(Pictures with short captions)
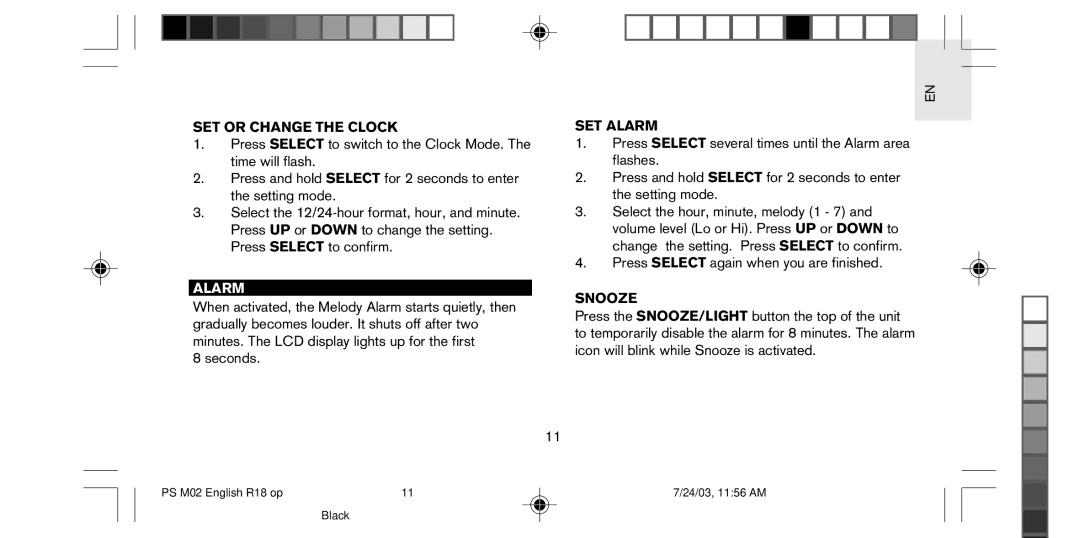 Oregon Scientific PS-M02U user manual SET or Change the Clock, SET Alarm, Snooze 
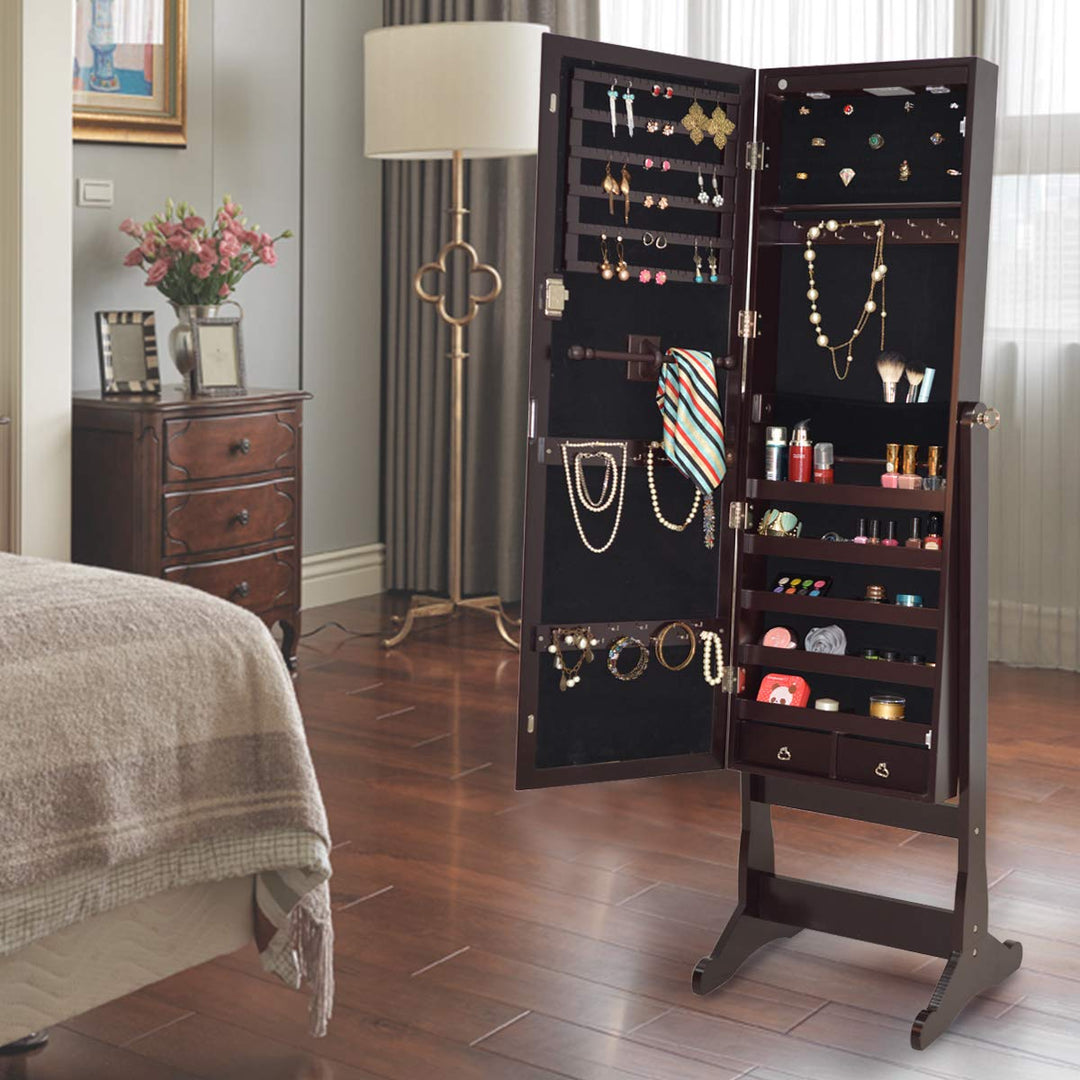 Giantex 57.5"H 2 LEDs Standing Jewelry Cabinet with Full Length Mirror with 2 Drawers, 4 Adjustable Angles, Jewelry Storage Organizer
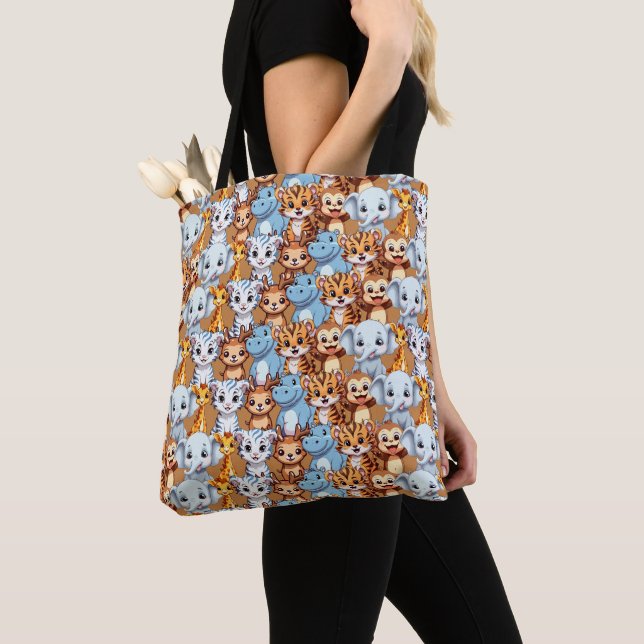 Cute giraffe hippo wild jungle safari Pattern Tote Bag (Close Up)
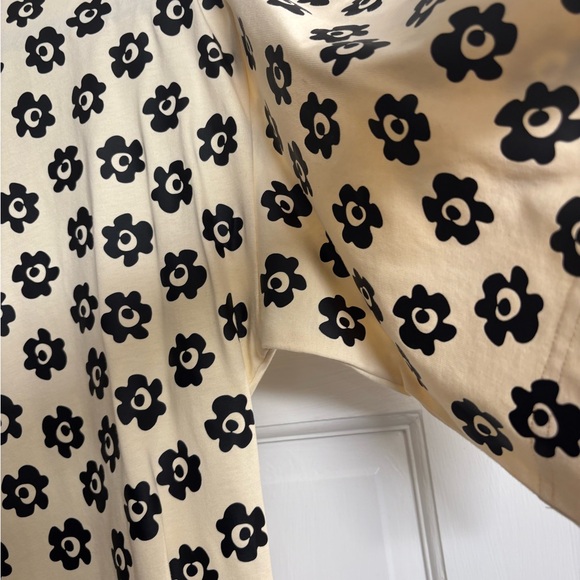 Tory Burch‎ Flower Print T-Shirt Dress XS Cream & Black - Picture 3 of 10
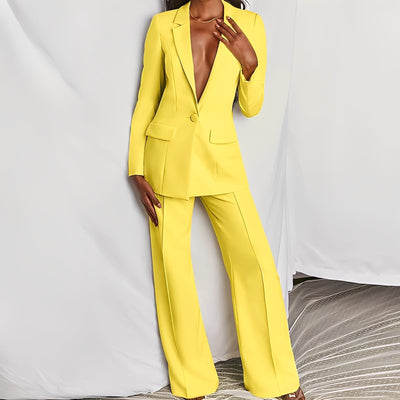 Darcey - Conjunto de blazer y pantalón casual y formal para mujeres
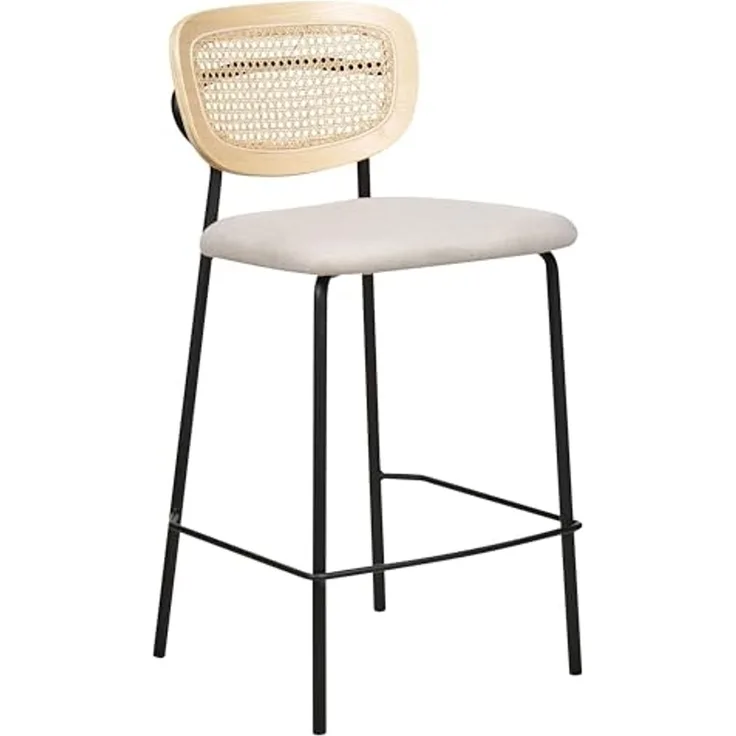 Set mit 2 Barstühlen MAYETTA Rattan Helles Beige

What is being asked
Print exactly the lines from the one containing "Tory Burch‎ Flower" through the last line of the records, both included, and leave out the pictures.

Problem solution
 Tory Burch‎ Flower Print T-Shirt Dress XS Cream & Black - Picture 3 of 10
 Darcey - Conjunto de blazer y pantalón casual y formal para mujeres
 Set mit 2 Barstühlen MAYETTA Rattan Helles Beige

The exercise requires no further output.